-- TASK DESCRIPTION --
Give the records below again, exactly as they appear.

(DATASET CONTENT Opens)

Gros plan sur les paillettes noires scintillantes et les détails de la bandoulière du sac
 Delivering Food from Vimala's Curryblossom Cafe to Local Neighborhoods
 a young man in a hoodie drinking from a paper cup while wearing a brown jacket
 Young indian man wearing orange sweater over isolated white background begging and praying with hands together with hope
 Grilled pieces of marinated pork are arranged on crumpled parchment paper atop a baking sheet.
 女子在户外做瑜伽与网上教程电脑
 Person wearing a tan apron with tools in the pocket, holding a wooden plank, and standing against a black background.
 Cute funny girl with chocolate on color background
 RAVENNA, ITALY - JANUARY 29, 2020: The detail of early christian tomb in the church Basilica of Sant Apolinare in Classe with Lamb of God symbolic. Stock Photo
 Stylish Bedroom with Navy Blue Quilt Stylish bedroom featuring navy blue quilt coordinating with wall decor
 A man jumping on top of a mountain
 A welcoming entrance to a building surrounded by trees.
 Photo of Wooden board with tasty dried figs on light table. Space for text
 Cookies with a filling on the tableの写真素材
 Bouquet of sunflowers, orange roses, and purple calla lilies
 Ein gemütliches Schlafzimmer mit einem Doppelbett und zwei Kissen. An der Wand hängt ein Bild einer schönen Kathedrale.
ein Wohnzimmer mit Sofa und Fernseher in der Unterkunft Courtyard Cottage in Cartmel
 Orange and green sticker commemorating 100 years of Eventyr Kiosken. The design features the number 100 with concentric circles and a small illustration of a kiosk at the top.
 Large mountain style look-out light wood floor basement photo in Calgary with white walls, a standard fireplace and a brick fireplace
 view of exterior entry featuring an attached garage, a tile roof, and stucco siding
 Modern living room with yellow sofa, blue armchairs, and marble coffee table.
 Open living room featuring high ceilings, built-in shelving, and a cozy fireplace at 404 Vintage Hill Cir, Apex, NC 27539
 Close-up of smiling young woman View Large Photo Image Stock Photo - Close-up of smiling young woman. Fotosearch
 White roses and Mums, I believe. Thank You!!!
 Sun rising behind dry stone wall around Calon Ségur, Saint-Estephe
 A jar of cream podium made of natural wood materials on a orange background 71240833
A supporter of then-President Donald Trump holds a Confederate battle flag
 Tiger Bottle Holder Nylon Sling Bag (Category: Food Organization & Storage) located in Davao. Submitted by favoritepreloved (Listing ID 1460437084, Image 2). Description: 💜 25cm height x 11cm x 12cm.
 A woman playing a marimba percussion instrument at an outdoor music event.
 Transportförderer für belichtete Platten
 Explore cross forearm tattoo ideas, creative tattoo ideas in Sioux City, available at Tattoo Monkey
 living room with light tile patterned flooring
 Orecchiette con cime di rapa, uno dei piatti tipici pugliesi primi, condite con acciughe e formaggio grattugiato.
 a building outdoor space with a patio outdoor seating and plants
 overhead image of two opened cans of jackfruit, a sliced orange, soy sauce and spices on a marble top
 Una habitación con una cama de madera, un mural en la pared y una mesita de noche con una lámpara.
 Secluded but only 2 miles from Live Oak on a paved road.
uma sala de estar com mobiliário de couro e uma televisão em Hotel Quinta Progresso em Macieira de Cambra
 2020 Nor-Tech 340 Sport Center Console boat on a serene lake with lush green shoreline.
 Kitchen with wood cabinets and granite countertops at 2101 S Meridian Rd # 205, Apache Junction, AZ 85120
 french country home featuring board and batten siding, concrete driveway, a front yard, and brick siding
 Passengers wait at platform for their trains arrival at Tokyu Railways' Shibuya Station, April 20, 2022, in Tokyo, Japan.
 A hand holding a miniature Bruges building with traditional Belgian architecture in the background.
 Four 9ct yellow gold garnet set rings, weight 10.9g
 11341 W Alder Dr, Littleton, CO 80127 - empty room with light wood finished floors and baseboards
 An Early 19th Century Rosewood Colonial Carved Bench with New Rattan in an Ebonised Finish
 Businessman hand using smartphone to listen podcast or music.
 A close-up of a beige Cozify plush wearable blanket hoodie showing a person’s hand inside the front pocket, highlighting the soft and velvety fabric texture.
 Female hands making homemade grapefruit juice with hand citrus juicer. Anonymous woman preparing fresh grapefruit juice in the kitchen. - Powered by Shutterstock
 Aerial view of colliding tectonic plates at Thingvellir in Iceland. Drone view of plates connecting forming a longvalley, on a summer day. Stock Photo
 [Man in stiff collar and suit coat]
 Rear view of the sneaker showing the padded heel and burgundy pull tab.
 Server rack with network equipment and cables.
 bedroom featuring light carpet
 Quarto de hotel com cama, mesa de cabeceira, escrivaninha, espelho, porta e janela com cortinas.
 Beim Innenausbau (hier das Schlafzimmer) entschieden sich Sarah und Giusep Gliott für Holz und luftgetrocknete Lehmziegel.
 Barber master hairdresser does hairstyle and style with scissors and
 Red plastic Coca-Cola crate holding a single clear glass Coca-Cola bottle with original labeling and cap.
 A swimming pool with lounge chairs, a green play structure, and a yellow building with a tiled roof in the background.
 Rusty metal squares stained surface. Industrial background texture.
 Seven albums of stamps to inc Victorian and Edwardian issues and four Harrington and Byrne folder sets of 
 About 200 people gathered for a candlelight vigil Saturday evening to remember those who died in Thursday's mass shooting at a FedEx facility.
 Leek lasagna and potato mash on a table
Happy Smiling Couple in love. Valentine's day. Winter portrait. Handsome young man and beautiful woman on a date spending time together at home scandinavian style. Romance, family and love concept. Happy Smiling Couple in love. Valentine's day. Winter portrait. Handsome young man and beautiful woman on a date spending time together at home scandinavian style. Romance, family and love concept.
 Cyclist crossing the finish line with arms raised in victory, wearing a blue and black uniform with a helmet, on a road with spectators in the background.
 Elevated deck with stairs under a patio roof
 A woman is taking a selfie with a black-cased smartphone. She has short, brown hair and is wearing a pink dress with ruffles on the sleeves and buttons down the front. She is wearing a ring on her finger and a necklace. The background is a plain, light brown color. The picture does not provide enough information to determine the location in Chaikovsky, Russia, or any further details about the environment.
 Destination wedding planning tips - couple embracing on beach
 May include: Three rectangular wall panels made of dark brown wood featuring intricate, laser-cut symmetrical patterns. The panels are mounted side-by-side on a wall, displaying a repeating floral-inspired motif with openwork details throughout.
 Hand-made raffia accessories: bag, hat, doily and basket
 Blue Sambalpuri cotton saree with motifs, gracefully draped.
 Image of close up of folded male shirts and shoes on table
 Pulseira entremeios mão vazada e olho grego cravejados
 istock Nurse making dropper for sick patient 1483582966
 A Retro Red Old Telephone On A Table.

(DATASET CONTENT Closes)

-- EXERCISE RESULT --
Gros plan sur les paillettes noires scintillantes et les détails de la bandoulière du sac
 Delivering Food from Vimala's Curryblossom Cafe to Local Neighborhoods
 a young man in a hoodie drinking from a paper cup while wearing a brown jacket
 Young indian man wearing orange sweater over isolated white background begging and praying with hands together with hope
 Grilled pieces of marinated pork are arranged on crumpled parchment paper atop a baking sheet.
 女子在户外做瑜伽与网上教程电脑
 Person wearing a tan apron with tools in the pocket, holding a wooden plank, and standing against a black background.
 Cute funny girl with chocolate on color background
 RAVENNA, ITALY - JANUARY 29, 2020: The detail of early christian tomb in the church Basilica of Sant Apolinare in Classe with Lamb of God symbolic. Stock Photo
 Stylish Bedroom with Navy Blue Quilt Stylish bedroom featuring navy blue quilt coordinating with wall decor
 A man jumping on top of a mountain
 A welcoming entrance to a building surrounded by trees.
 Photo of Wooden board with tasty dried figs on light table. Space for text
 Cookies with a filling on the tableの写真素材
 Bouquet of sunflowers, orange roses, and purple calla lilies
 Ein gemütliches Schlafzimmer mit einem Doppelbett und zwei Kissen. An der Wand hängt ein Bild einer schönen Kathedrale.
ein Wohnzimmer mit Sofa und Fernseher in der Unterkunft Courtyard Cottage in Cartmel
 Orange and green sticker commemorating 100 years of Eventyr Kiosken. The design features the number 100 with concentric circles and a small illustration of a kiosk at the top.
 Large mountain style look-out light wood floor basement photo in Calgary with white walls, a standard fireplace and a brick fireplace
 view of exterior entry featuring an attached garage, a tile roof, and stucco siding
 Modern living room with yellow sofa, blue armchairs, and marble coffee table.
 Open living room featuring high ceilings, built-in shelving, and a cozy fireplace at 404 Vintage Hill Cir, Apex, NC 27539
 Close-up of smiling young woman View Large Photo Image Stock Photo - Close-up of smiling young woman. Fotosearch
 White roses and Mums, I believe. Thank You!!!
 Sun rising behind dry stone wall around Calon Ségur, Saint-Estephe
 A jar of cream podium made of natural wood materials on a orange background 71240833
A supporter of then-President Donald Trump holds a Confederate battle flag
 Tiger Bottle Holder Nylon Sling Bag (Category: Food Organization & Storage) located in Davao. Submitted by favoritepreloved (Listing ID 1460437084, Image 2). Description: 💜 25cm height x 11cm x 12cm.
 A woman playing a marimba percussion instrument at an outdoor music event.
 Transportförderer für belichtete Platten
 Explore cross forearm tattoo ideas, creative tattoo ideas in Sioux City, available at Tattoo Monkey
 living room with light tile patterned flooring
 Orecchiette con cime di rapa, uno dei piatti tipici pugliesi primi, condite con acciughe e formaggio grattugiato.
 a building outdoor space with a patio outdoor seating and plants
 overhead image of two opened cans of jackfruit, a sliced orange, soy sauce and spices on a marble top
 Una habitación con una cama de madera, un mural en la pared y una mesita de noche con una lámpara.
 Secluded but only 2 miles from Live Oak on a paved road.
uma sala de estar com mobiliário de couro e uma televisão em Hotel Quinta Progresso em Macieira de Cambra
 2020 Nor-Tech 340 Sport Center Console boat on a serene lake with lush green shoreline.
 Kitchen with wood cabinets and granite countertops at 2101 S Meridian Rd # 205, Apache Junction, AZ 85120
 french country home featuring board and batten siding, concrete driveway, a front yard, and brick siding
 Passengers wait at platform for their trains arrival at Tokyu Railways' Shibuya Station, April 20, 2022, in Tokyo, Japan.
 A hand holding a miniature Bruges building with traditional Belgian architecture in the background.
 Four 9ct yellow gold garnet set rings, weight 10.9g
 11341 W Alder Dr, Littleton, CO 80127 - empty room with light wood finished floors and baseboards
 An Early 19th Century Rosewood Colonial Carved Bench with New Rattan in an Ebonised Finish
 Businessman hand using smartphone to listen podcast or music.
 A close-up of a beige Cozify plush wearable blanket hoodie showing a person’s hand inside the front pocket, highlighting the soft and velvety fabric texture.
 Female hands making homemade grapefruit juice with hand citrus juicer. Anonymous woman preparing fresh grapefruit juice in the kitchen. - Powered by Shutterstock
 Aerial view of colliding tectonic plates at Thingvellir in Iceland. Drone view of plates connecting forming a longvalley, on a summer day. Stock Photo
 [Man in stiff collar and suit coat]
 Rear view of the sneaker showing the padded heel and burgundy pull tab.
 Server rack with network equipment and cables.
 bedroom featuring light carpet
 Quarto de hotel com cama, mesa de cabeceira, escrivaninha, espelho, porta e janela com cortinas.
 Beim Innenausbau (hier das Schlafzimmer) entschieden sich Sarah und Giusep Gliott für Holz und luftgetrocknete Lehmziegel.
 Barber master hairdresser does hairstyle and style with scissors and
 Red plastic Coca-Cola crate holding a single clear glass Coca-Cola bottle with original labeling and cap.
 A swimming pool with lounge chairs, a green play structure, and a yellow building with a tiled roof in the background.
 Rusty metal squares stained surface. Industrial background texture.
 Seven albums of stamps to inc Victorian and Edwardian issues and four Harrington and Byrne folder sets of 
 About 200 people gathered for a candlelight vigil Saturday evening to remember those who died in Thursday's mass shooting at a FedEx facility.
 Leek lasagna and potato mash on a table
Happy Smiling Couple in love. Valentine's day. Winter portrait. Handsome young man and beautiful woman on a date spending time together at home scandinavian style. Romance, family and love concept. Happy Smiling Couple in love. Valentine's day. Winter portrait. Handsome young man and beautiful woman on a date spending time together at home scandinavian style. Romance, family and love concept.
 Cyclist crossing the finish line with arms raised in victory, wearing a blue and black uniform with a helmet, on a road with spectators in the background.
 Elevated deck with stairs under a patio roof
 A woman is taking a selfie with a black-cased smartphone. She has short, brown hair and is wearing a pink dress with ruffles on the sleeves and buttons down the front. She is wearing a ring on her finger and a necklace. The background is a plain, light brown color. The picture does not provide enough information to determine the location in Chaikovsky, Russia, or any further details about the environment.
 Destination wedding planning tips - couple embracing on beach
 May include: Three rectangular wall panels made of dark brown wood featuring intricate, laser-cut symmetrical patterns. The panels are mounted side-by-side on a wall, displaying a repeating floral-inspired motif with openwork details throughout.
 Hand-made raffia accessories: bag, hat, doily and basket
 Blue Sambalpuri cotton saree with motifs, gracefully draped.
 Image of close up of folded male shirts and shoes on table
 Pulseira entremeios mão vazada e olho grego cravejados
 istock Nurse making dropper for sick patient 1483582966
 A Retro Red Old Telephone On A Table.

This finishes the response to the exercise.